■ **RECORD SET**:

______________________________

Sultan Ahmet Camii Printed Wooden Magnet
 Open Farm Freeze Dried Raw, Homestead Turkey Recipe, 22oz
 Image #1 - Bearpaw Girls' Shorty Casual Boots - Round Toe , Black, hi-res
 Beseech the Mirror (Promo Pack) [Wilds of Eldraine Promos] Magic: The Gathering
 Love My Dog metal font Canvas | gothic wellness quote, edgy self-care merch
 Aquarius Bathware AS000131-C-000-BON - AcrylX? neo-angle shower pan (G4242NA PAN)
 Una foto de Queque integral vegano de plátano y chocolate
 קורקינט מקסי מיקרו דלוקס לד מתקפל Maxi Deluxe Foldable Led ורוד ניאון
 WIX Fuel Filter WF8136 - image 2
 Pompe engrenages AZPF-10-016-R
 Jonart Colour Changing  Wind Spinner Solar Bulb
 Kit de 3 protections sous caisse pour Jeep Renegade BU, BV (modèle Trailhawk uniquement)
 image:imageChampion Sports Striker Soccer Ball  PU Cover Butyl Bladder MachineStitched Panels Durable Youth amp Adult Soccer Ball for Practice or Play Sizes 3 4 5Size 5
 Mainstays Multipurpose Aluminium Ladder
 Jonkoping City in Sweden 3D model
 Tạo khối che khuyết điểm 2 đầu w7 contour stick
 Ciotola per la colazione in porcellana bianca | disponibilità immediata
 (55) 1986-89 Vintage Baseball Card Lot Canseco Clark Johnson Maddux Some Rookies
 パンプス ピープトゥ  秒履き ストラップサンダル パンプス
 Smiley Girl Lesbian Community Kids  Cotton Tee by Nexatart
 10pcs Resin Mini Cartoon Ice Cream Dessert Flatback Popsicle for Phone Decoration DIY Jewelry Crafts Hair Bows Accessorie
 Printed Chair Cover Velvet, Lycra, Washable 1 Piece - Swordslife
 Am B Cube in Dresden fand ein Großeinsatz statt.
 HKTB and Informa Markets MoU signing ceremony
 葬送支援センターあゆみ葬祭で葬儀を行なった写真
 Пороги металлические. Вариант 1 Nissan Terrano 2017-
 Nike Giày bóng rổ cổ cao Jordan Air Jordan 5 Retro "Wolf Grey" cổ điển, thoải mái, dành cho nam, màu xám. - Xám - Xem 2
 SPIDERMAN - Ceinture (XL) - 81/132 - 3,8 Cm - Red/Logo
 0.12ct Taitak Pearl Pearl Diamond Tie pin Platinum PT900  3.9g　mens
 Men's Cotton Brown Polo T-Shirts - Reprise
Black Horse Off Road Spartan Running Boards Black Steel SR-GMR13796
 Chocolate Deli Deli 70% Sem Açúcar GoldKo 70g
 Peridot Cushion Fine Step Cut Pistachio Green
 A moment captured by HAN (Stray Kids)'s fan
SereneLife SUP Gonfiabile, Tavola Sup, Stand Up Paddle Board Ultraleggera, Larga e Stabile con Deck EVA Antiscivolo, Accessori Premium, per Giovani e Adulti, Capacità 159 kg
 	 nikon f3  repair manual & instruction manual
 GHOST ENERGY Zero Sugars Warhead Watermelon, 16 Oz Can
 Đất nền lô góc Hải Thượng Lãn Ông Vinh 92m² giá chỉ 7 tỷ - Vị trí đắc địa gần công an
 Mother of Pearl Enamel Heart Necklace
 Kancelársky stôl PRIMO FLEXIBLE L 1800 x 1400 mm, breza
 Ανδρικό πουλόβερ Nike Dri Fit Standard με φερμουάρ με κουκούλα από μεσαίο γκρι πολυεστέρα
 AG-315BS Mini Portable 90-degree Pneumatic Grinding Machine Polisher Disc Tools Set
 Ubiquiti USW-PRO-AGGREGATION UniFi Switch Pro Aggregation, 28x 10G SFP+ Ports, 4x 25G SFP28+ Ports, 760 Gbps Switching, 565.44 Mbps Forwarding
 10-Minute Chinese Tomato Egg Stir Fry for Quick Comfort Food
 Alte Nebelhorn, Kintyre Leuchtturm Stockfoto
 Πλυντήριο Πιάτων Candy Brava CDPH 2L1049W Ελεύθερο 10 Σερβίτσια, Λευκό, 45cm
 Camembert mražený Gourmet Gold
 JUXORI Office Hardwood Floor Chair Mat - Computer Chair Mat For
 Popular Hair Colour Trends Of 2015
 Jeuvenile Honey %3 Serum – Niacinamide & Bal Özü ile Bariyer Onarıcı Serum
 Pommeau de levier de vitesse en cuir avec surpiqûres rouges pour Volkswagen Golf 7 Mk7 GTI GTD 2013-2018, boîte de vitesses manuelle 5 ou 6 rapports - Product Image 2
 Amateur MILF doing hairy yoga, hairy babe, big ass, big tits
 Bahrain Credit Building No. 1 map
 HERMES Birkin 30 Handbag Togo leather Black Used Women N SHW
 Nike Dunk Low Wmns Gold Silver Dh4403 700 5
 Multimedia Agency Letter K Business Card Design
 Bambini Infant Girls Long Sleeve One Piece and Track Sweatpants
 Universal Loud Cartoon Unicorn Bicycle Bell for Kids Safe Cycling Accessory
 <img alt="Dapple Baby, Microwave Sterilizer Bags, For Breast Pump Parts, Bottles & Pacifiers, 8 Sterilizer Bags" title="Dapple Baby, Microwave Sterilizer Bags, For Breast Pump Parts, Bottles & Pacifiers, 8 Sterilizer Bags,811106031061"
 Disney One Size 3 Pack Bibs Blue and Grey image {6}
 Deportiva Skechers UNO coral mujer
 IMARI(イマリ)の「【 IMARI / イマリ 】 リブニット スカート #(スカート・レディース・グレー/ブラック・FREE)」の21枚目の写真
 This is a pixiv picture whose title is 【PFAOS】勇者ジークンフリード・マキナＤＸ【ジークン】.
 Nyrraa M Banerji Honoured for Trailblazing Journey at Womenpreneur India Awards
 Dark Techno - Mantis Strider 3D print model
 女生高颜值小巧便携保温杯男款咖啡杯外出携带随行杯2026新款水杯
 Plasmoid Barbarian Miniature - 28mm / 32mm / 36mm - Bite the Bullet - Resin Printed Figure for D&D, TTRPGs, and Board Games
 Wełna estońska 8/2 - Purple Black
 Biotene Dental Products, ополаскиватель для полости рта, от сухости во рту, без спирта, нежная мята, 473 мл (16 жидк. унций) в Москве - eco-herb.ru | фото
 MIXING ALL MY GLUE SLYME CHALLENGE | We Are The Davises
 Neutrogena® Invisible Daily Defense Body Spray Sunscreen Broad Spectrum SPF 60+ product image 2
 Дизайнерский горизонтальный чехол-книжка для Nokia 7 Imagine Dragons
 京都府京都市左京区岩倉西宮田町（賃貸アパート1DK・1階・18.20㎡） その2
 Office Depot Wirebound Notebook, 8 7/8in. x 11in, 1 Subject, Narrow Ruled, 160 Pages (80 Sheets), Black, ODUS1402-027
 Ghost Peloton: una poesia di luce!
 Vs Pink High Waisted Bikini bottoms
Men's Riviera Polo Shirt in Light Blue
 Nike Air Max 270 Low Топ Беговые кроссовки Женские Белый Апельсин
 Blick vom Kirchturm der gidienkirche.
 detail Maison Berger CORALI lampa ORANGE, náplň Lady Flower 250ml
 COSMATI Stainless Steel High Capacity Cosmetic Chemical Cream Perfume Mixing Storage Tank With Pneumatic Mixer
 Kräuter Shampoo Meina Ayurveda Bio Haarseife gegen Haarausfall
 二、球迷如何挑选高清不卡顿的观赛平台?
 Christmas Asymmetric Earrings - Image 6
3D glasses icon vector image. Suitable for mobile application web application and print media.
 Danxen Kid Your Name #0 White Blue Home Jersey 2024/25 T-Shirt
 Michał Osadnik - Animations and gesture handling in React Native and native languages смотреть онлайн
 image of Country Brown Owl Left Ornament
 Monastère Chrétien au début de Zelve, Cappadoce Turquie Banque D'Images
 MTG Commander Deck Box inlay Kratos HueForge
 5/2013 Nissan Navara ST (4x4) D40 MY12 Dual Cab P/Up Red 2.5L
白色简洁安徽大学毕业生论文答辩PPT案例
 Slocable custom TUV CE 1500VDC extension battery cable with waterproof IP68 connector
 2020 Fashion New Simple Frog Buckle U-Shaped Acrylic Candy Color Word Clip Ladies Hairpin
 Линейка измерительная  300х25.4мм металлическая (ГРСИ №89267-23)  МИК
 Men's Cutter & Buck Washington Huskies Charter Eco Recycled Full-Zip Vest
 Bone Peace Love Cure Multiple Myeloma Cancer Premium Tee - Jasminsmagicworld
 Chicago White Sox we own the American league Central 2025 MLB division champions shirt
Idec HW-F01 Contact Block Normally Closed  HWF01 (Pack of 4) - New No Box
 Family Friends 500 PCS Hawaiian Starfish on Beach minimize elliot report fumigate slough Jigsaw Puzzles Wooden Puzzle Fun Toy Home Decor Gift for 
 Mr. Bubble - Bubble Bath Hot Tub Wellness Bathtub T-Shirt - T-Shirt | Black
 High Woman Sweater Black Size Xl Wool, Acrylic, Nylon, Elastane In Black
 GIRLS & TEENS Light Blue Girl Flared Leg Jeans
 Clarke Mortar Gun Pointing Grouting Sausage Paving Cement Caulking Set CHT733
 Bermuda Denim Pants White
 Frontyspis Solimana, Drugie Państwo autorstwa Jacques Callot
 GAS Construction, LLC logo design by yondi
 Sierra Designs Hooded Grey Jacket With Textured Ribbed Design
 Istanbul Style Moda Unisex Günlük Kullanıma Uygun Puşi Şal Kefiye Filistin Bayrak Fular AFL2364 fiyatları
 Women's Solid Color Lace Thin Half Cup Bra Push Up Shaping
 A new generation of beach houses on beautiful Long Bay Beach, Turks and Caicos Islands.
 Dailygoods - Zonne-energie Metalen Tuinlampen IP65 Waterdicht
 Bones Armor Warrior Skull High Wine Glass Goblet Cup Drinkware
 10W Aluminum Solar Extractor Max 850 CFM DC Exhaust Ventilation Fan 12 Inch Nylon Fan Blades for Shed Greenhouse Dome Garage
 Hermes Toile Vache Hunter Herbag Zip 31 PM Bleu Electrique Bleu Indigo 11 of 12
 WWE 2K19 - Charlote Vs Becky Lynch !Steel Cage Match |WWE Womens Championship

______________________________

■ **WHAT THE EXERCISE ASKS**: Locate the word "Colour" in the data above. Copy every line carrying it.

■ **RESULT BELOW**:
 Jonart Colour Changing  Wind Spinner Solar Bulb
 Popular Hair Colour Trends Of 2015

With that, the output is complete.